Alibaba Pledged ¥380 Billion. Three Rivals Already Took The Ground.
Alibaba's ¥380 billion AI infrastructure pledge is defensive capex, buying back commerce ground Pinduoduo's pricing, JD's hiring, and Douyin's shelf traffic have already taken at a fraction of the cost.
Sir John Crabstone
Eddie Wu calls his ¥380 billion AI capex pledge “on the small side.” In the courteous vocabulary of Chinese tech, that is what surrender sounds like to a shareholder. The cheque Wu announced in February 2025 exceeds Alibaba’s total AI and cloud spending over the past decade, and he has hinted it will rise. The number is impressive; the rationale is not. It does not buy Alibaba a future it could not otherwise reach. It buys back a present three rivals already took with cheaper instruments.
Pinduoduo did not need a fab to win on price. Its model runs on warehouse discipline rather than transformer count; it competed on cost, and cost cannot be AI-generated. The gap it cut in the years Alibaba was ordering chips has not closed. You cannot caffeinate a coupon with a large language model; you can only pay for the coupon.
JD has been more candid about the means. It committed to fifty thousand delivery hires as a first step into the fast-delivery market Meituan owns. Train shoppers to come for a meal and keep them for the toothpaste. The capability scales by paycheque, not by parameter; the bottleneck is HR, not silicon.
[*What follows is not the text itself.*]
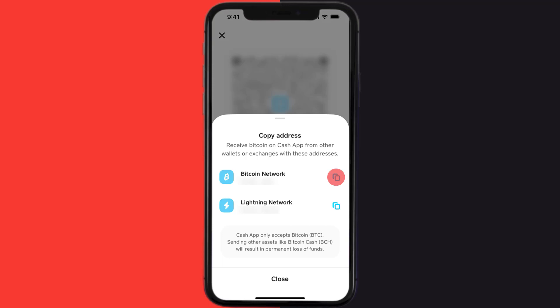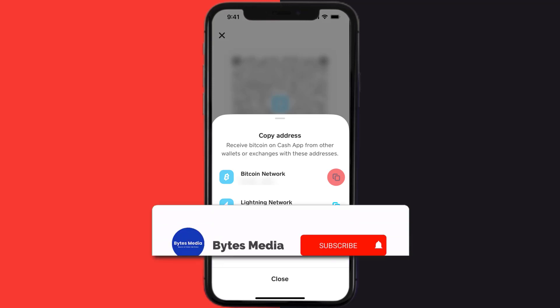Your Bitcoin wallet address is now copied to your clipboard. Simply share the copied address with the sender to receive Bitcoin on your Cash App. Well, that's how you receive Bitcoin on Cash App.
Douyin built the third front almost for free. ByteDance’s commerce business cleared roughly ¥3.5 trillion of GMV in 2024, as reported by 36Kr, with GMV now split roughly 4:3:3 among shelf sales, store livestreaming, and influencer livestreaming. Influencer-led live commerce, once the platform’s signature, now accounts for around 30% of total GMV. The compute was amortised by short-form video years ago; Douyin’s commerce is the resale. Alibaba’s ¥380 billion has no such shortcut — it must pay its way through the shop.
Alibaba Cloud’s AI revenue has grown in triple digits for nine consecutive quarters, which is the right answer to the wrong question. Cloud sells AI to other people’s businesses, not to Taobao’s shoppers. The capex must justify itself twice: once at the infrastructure layer, where Alibaba leads, and once at the commerce layer, where it is losing. The first is going well. The second is the reason for the ¥380 billion, and three rivals reached it years ago without the cheque.
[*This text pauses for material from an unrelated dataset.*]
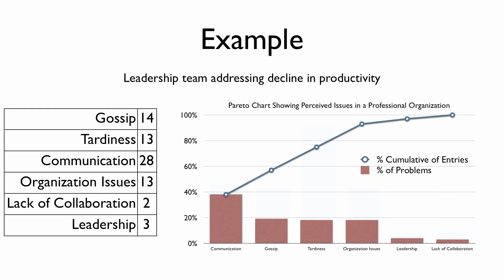Now the issues are ordered, giving the team a clear step forward in dealing with the issues that would have the biggest impact on climate within the organization.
The defensive shape of Alibaba’s own response is the most honest evidence. Taobao Instant Commerce launched in April; sales and marketing climbed to 21.5% of revenue from 13.4% a year earlier, and free cash flow turned negative by ¥18.8 billion. The capex pays for the silicon. Keeping the customers costs Alibaba another 8.1 points of revenue, burned on a Taobao that is no longer the cheapest, fastest, or most discoverable destination on the phone.
The position will be repurchased in silicon; whether the customers come back is a separate cheque.